Le salaire minimum du bonheur
En 2008 était lancé aux États-Unis l’indice de bien-être Gallup-Healthways, devenu en six ans la plus grande base de données existante sur le bonheur. À ce jour, elle contient 1,9 million de questionnaires remplis et, depuis 2013, s’intéresse non plus seulement au bonheur des Américains, mais à celui de presque tous les habitants de la planète. En 2010, Daniel Kahneman, éminent psychologue de l’université de Princeton et premier chercheur en psychologie à avoir reçu le prix Nobel d’économie, s’est appuyé sur les données Gallup pour mener avec l’économiste Angus Deaton une étude 1 comparative du bien-être instantané et de la satisfaction générale dans la vie ,en fonction des différentes tranches de revenus.
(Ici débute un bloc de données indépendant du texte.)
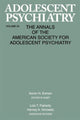 Book cover of: Adolescent Psychiatry, V. 24. By: Aaron H. Esman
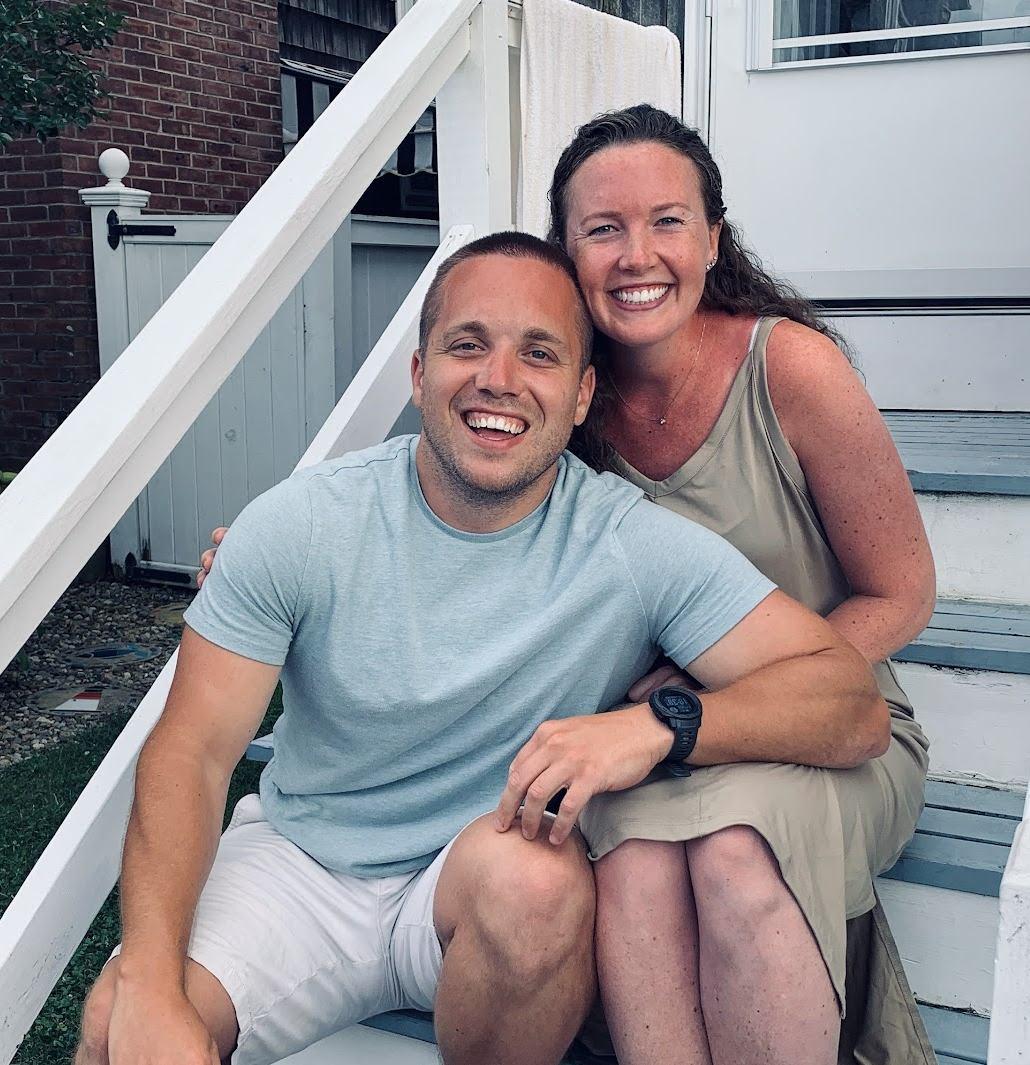 The Wedding Website of Jenn Moffatt and John Hart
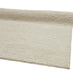 Quinn Beige Pearl Bobbled Wool Rug 160x230cm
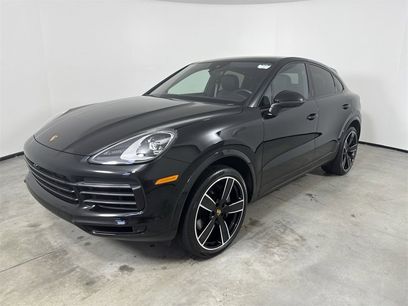 Certified 2023 Porsche Cayenne Platinum Edition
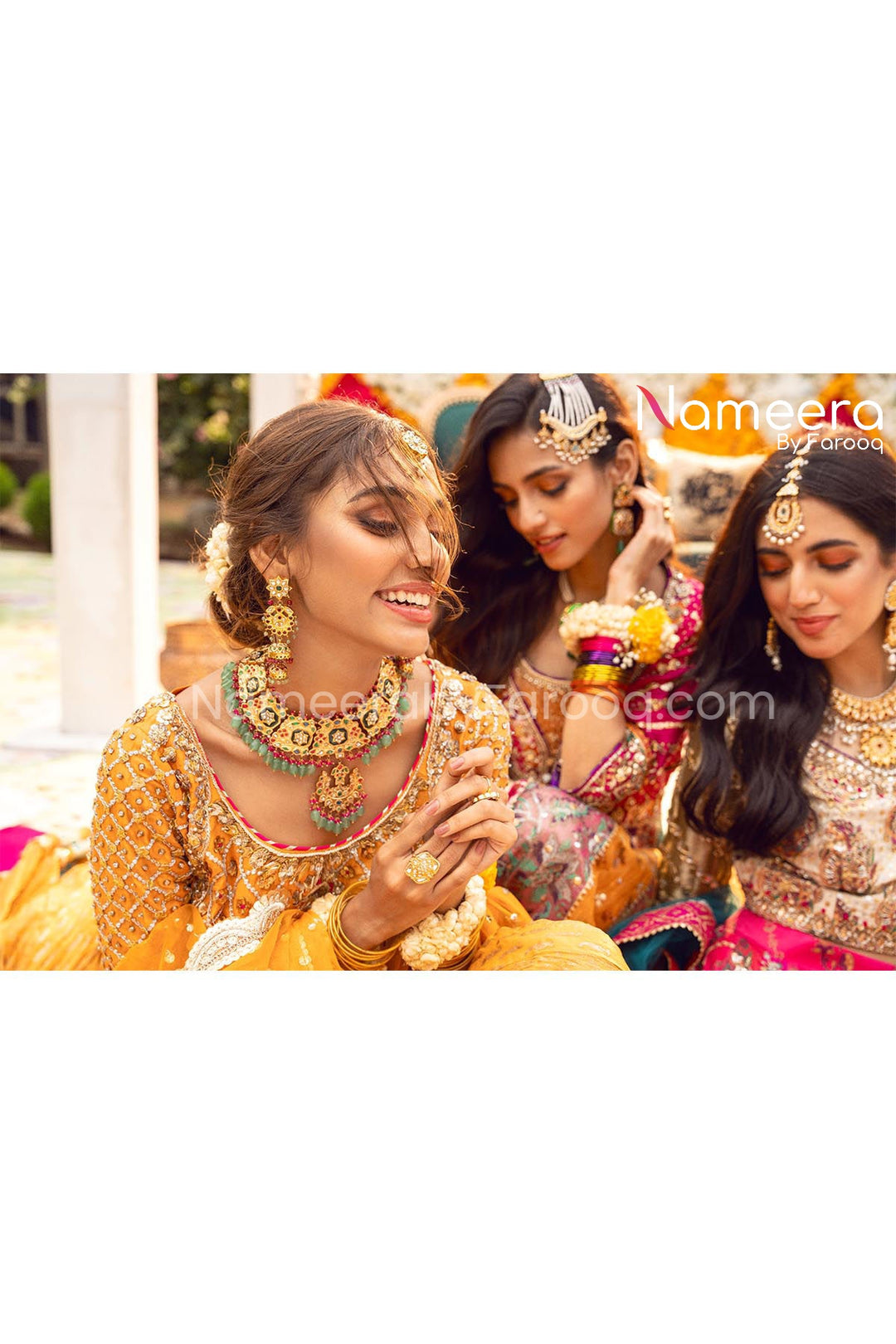 Pakistani Wedding Dresses Online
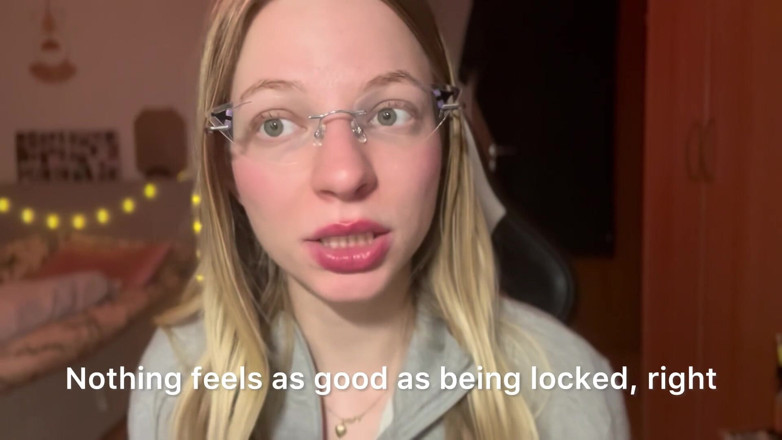 Goddess_Bella_Rae: Chastity Encouragement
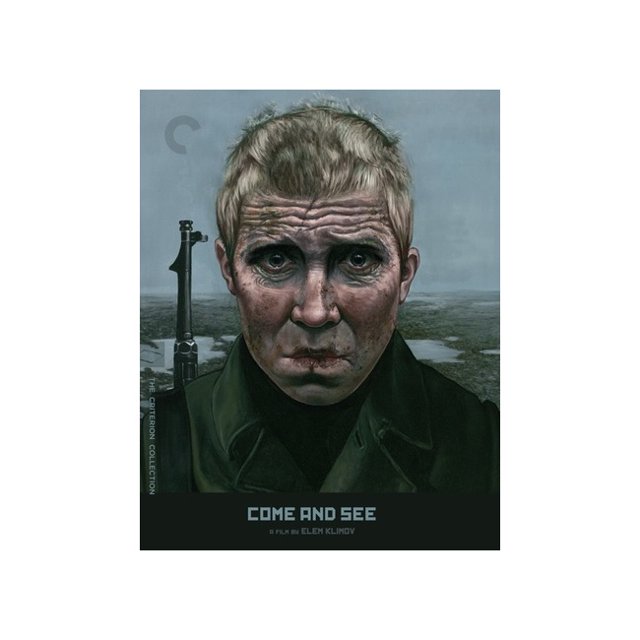 CRITERION DISTRIBUTION S COME AND SEE (BR) (BELARUSIAN W/ENG-SUB) BR3162
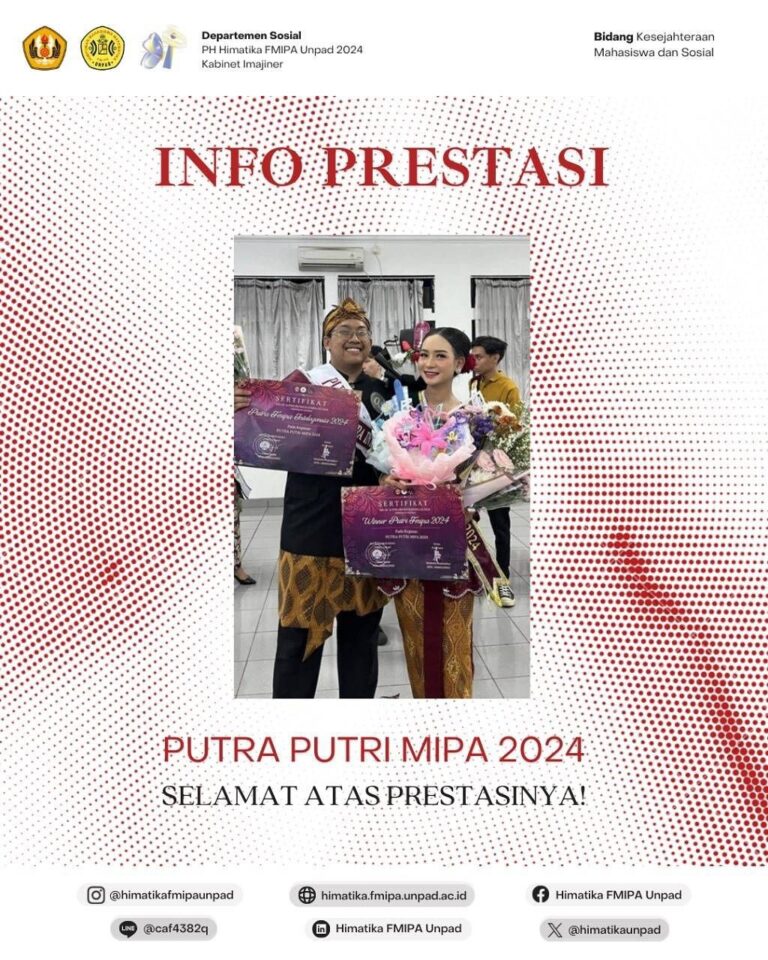 [INFO PRESTASI]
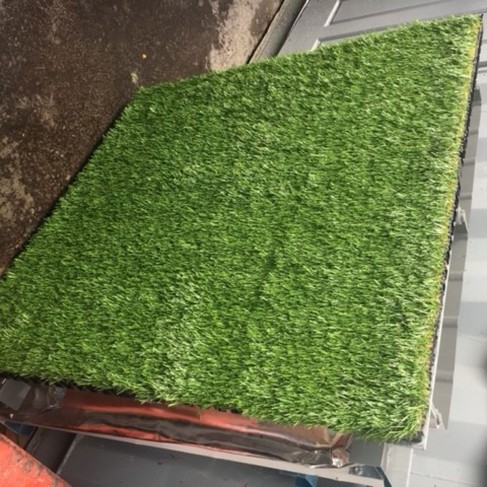 Artificial turf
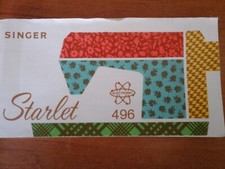 MODE EMPLOI SINGER ORIGINE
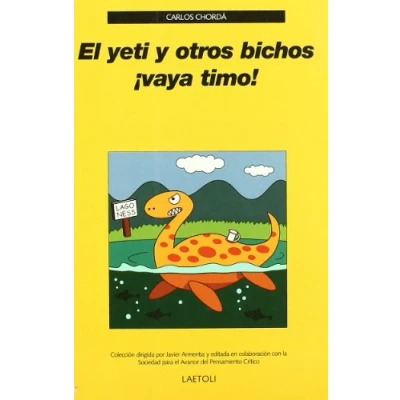 Imagen de YETI Y OTROS BICHOS,VAYA TIMO! (SIN COLECCION)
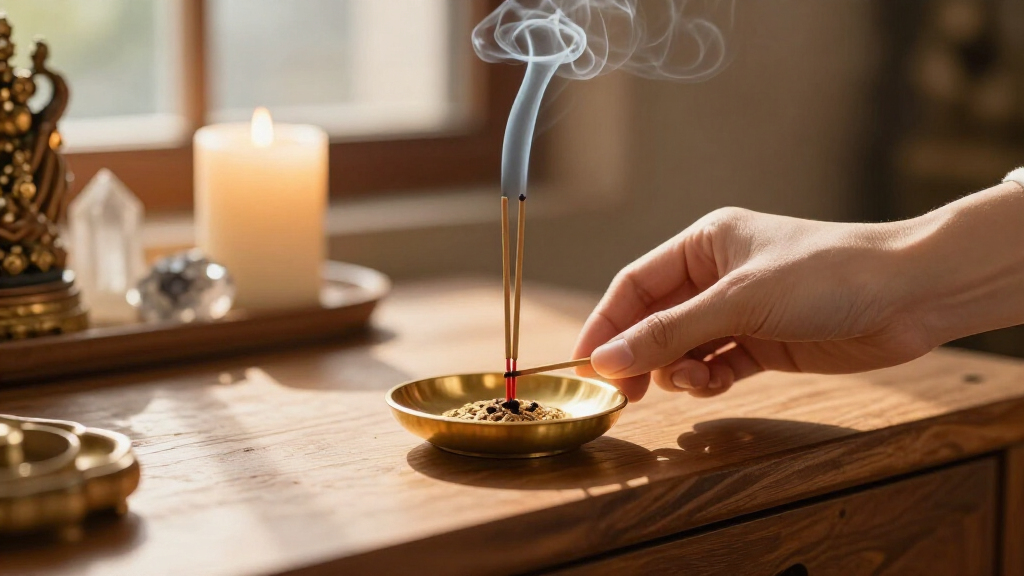 incense holders and burners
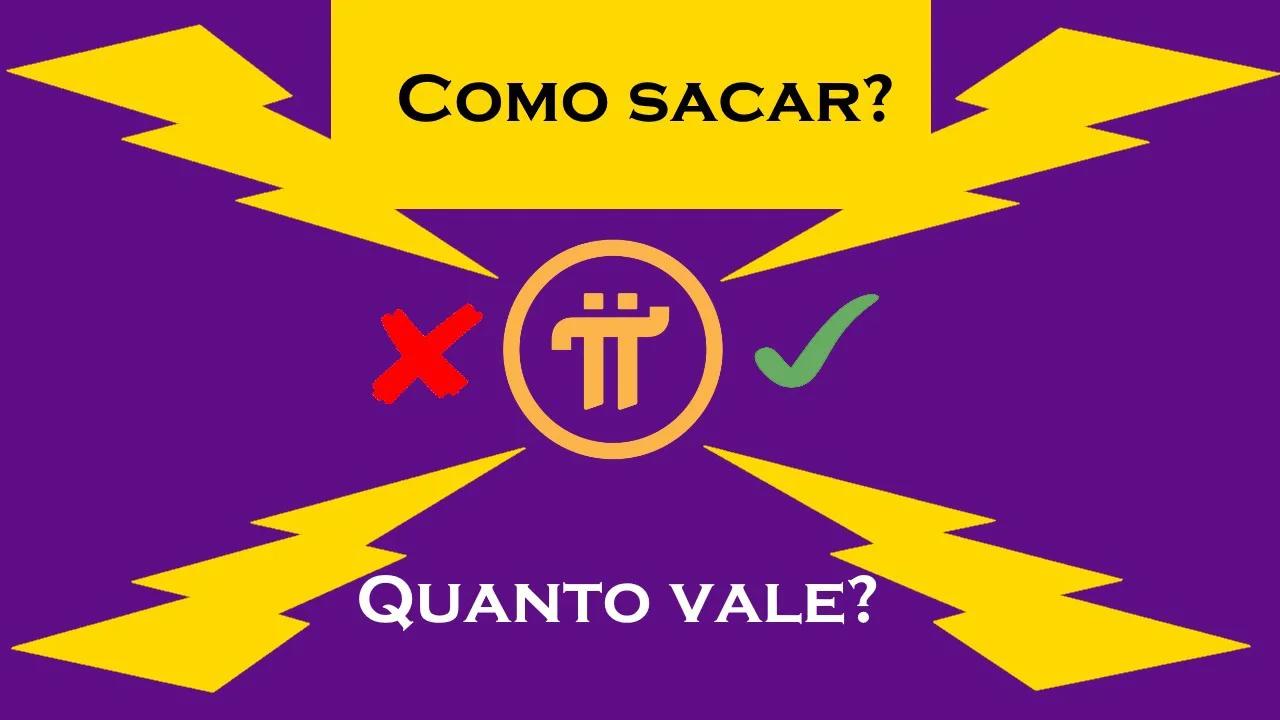 Pi Network Como Sacar, Quanto Vale?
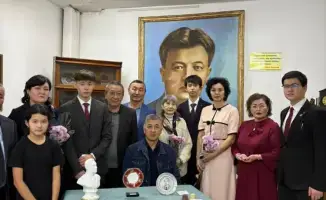 Исследование наследия Ораза Жандосова как способ формирования исторического сознания у молодежи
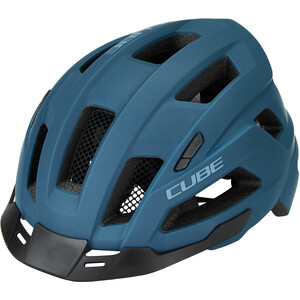 Cube Cinity Helm blau blau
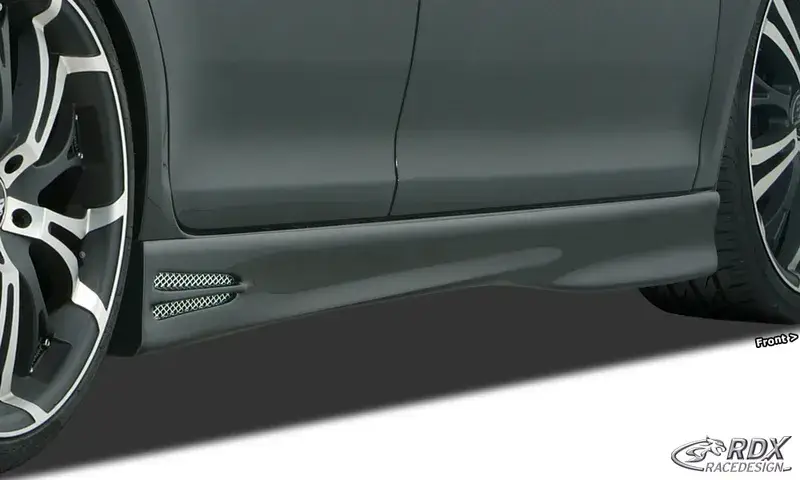 Bestseller RDX Seitenschweller für MAZDA 2 (DY) 2003-2007 "GT4"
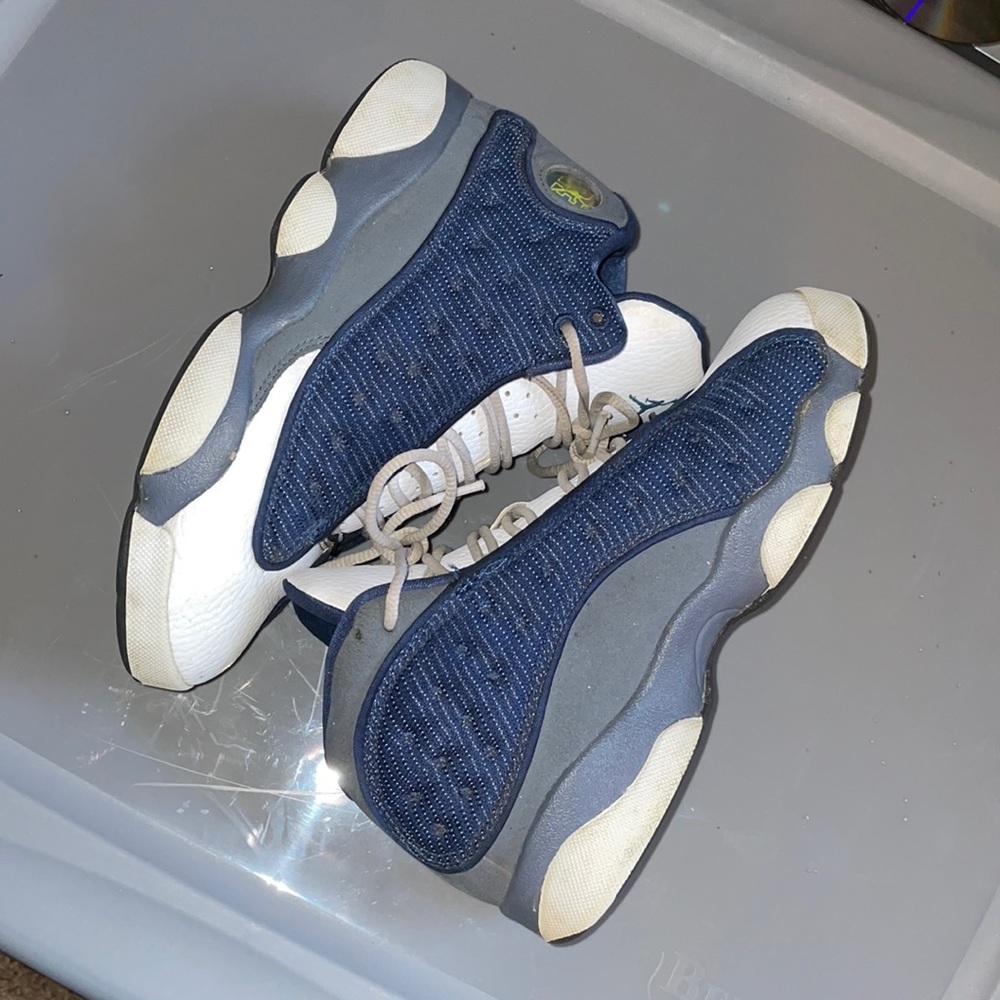 Boys Jordan 13’s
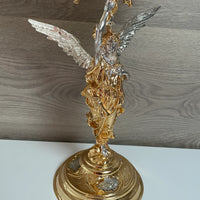 Ostensoir du Saint-Sacrement du XVIIIe siècle
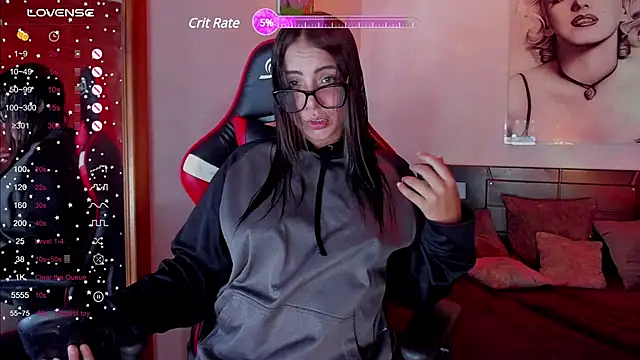 KetziaDoll online show from 9, 12, 2024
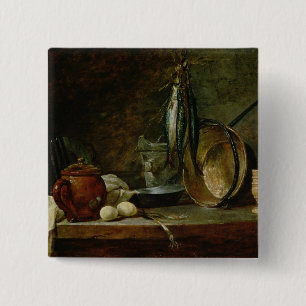 Stillleben: Schneller Tagesmenü, 1731 Button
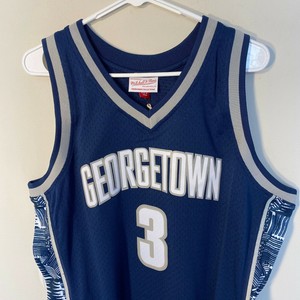 iverson georgetown jersey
Notons que le bonheur instantané est émotionnel – celui ressenti sur le moment – tandis que le bonheur général, aussi appelé mémoriel, est celui que l’on peut évaluer en pensant à un moment passé et, plus globalement, en faisant le bilan de sa vie. Pour cette étude, 700 000 Américains ont été interrogés, rien que cela ! Il en ressort que l’argent contribuerait significativement au bonheur instantané, jusqu’à un seuil de revenus de 75 000 dollars annuels (environ 54 300 euros), mais qu’au-delà de ce seuil, l’argent ne ferait plus le bonheur. Autrement dit, on se sentirait heureux au quotidien en étant dégagé des angoisses de fins de mois difficiles, mais pas en amassant plus que nécessaire. Un résultat somme toute assez logique. En revanche, quand la même étude affirme qu’en ce qui concerne la satisfaction de vie globale, le niveau de revenus semble exercer une influence continuelle, même pour les revenus les plus aisés, on se dit que la distinction entre bonheur immédiat et bonheur global paraît un tantinet artificielle tant l’analyse est contradictoire... En résumé, être un Américain heureux, c’est toujours être un Américain avec des moyens…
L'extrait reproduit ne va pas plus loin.